The bottom half of earners will lose any gains from next week’s lowering of national insurance payments when their income tax bills go up in April, a leading thinktank has warned.
The Resolution Foundation said the combined effect of a cut in national insurance contributions (Nics) from 6 January and a freeze on income tax thresholds – pulling more people into paying higher rates as their wages rise – would only favour the top half of earners with incomes of £26,000 or more.
Those earning about £50,000 a year would gain the most, the thinktank said in its new year’s message charting the winners and losers from government policies.
Those findings will be a blow to the government, which has promoted the cut in the Nics rate paid by workers from 12% to 10% as an example of its long-term aim to reduce the taxes paid by UK households.
Jeremy Hunt has said the government planned to reduce taxation when the economic situation improved. Recent reports have suggested the chancellor’s spring budget, which he confirmed this week would be held on 6 March, could contain cuts to inheritance tax and reductions in other levies – fuelling speculation of a possible May election.
Rishi Sunak is understood to be ready to back an election that month as it will come after most households have benefited from the national insurance increase, but before the worst effects of the freeze on income tax thresholds have been felt.
However, the real value of wages – after inflation was taken into account – would still be lower than at the time of the last general election in December 2019, the Resolution Foundation said, while real wages would be the same at the end of 2024 as they were in 2006.
The thinktank put the nearly two decades of lost income growth down to wages stagnating in the years after the 2008 financial crash, and the surge in inflation over the past couple of years that has sent living costs soaring.
“British households are on course to be poorer by 4%, or £1,200 on average, going into the coming election than they were coming out of the last one,” it said. “That is something never seen before in modern British history. Our new year’s resolution should be to make sure it never happens again.”
Households on average have gained from the rise in interest rates since December 2021 to 5.25%, the report found, though there were large groups of winners and losers.

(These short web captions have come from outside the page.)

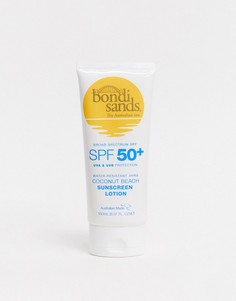 Солнцезащитный лосьон SPF 50 Bondi Sands, 150 мл-Прозрачный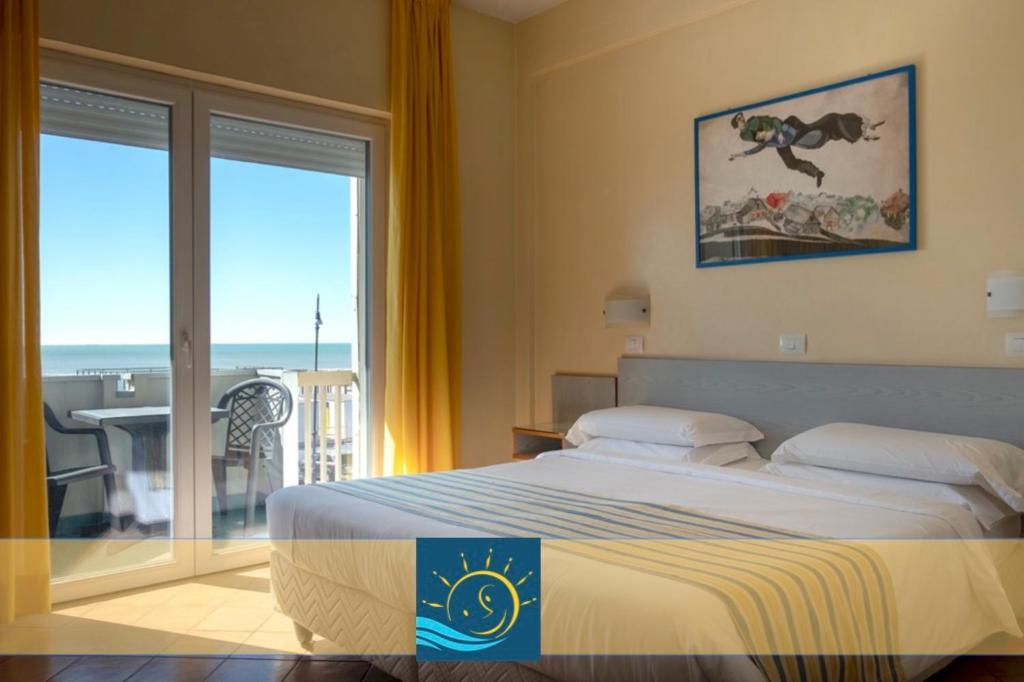 Hotel Ping Pong, Lido di Ostia – Prezzi aggiornati per il 2024
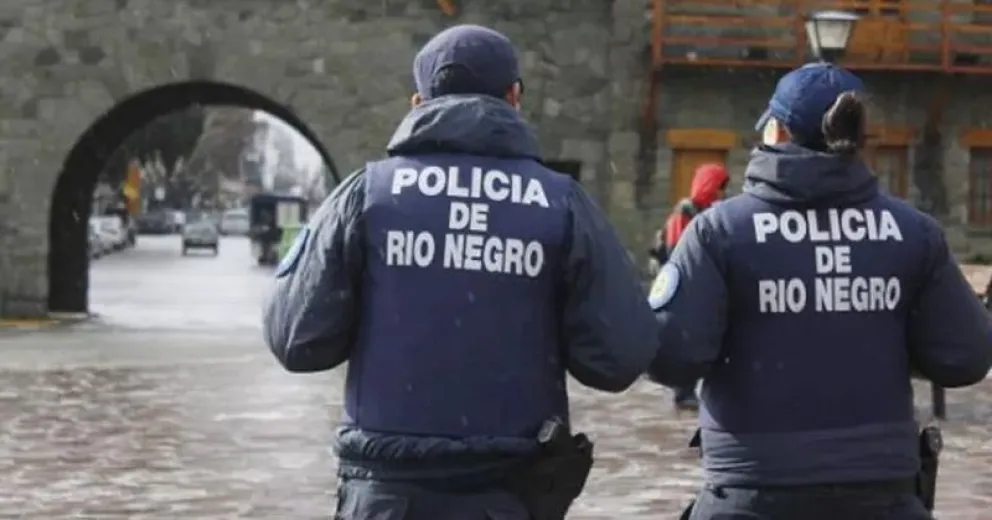 ¿Qué pasará con los jefes policiales que fueron apartados de sus cargos?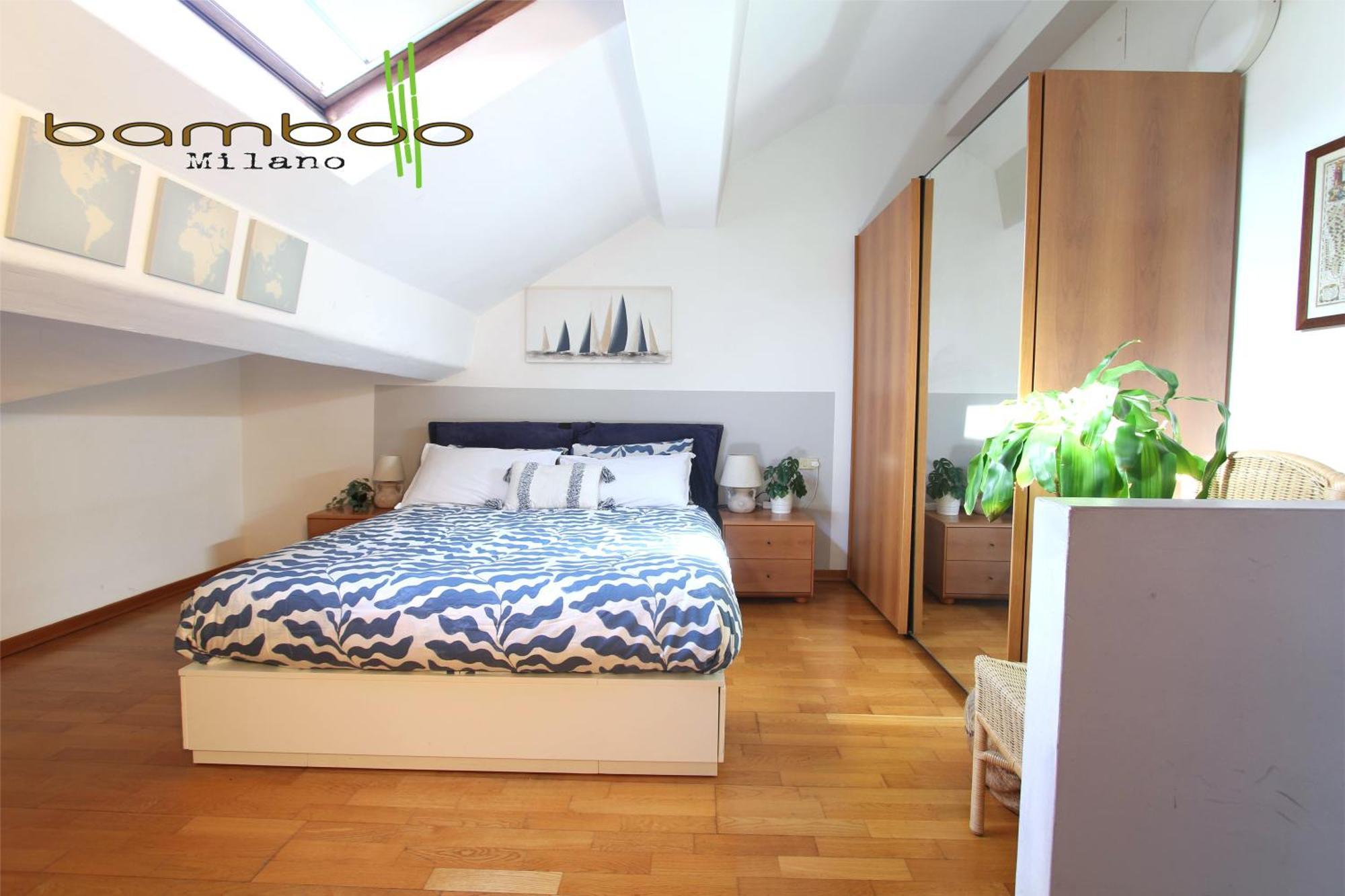 Bamboo Milano Copernico Central Station Екстериор снимка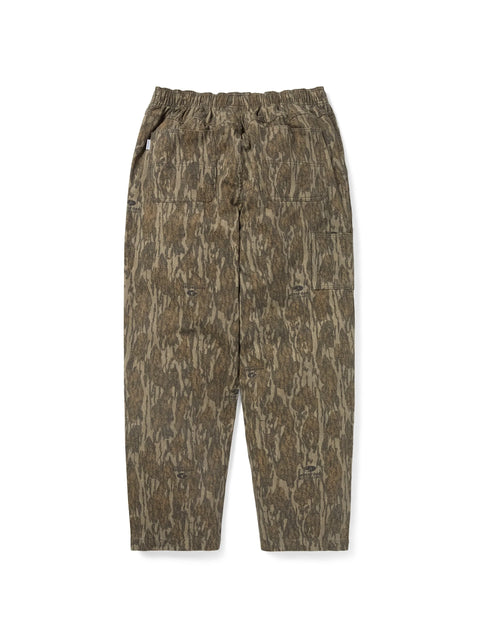 Flow Pant - Camo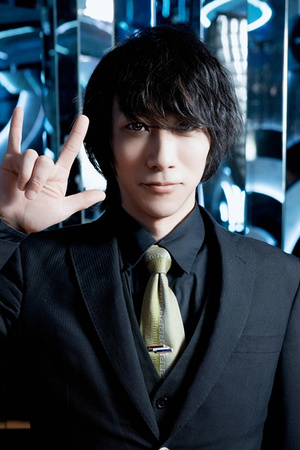 寿希 ATOM-PRINCE- 大阪 キタ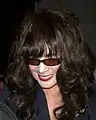 Ronnie Spector 2010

The effect this year from higher savings rates pushed overall incomes higher by £19bn, but the gains mostly went to wealthier and older households, offsetting the higher financing costs for mortgage payers forced to remortgage their loans.
“Rising interest rates actually boosted household income growth in 2023 by a net £19bn as the gains from higher savings income outweighed losses from higher debt costs,” the report said.
“This is unprecedented (rising rates have historically made households poorer) – and won’t last into 2024 as another 1.5 million households will see their mortgage costs rise by £1,800 on average when they remortgage,” it added.
The effect of rising mortgage and rent bills, combined with the end of cost of living payments, meant that “the richest half of households are set to see their incomes rise in 2024, while the poorest households will see income falls”, the report said.
“This mixed picture will present challenges for politicians trying to paint in primary colours in a critical election year. But the living standards story for the parliament as a whole is far simpler: British households will, for the first time on record, be poorer at the end of a parliament than at its start.”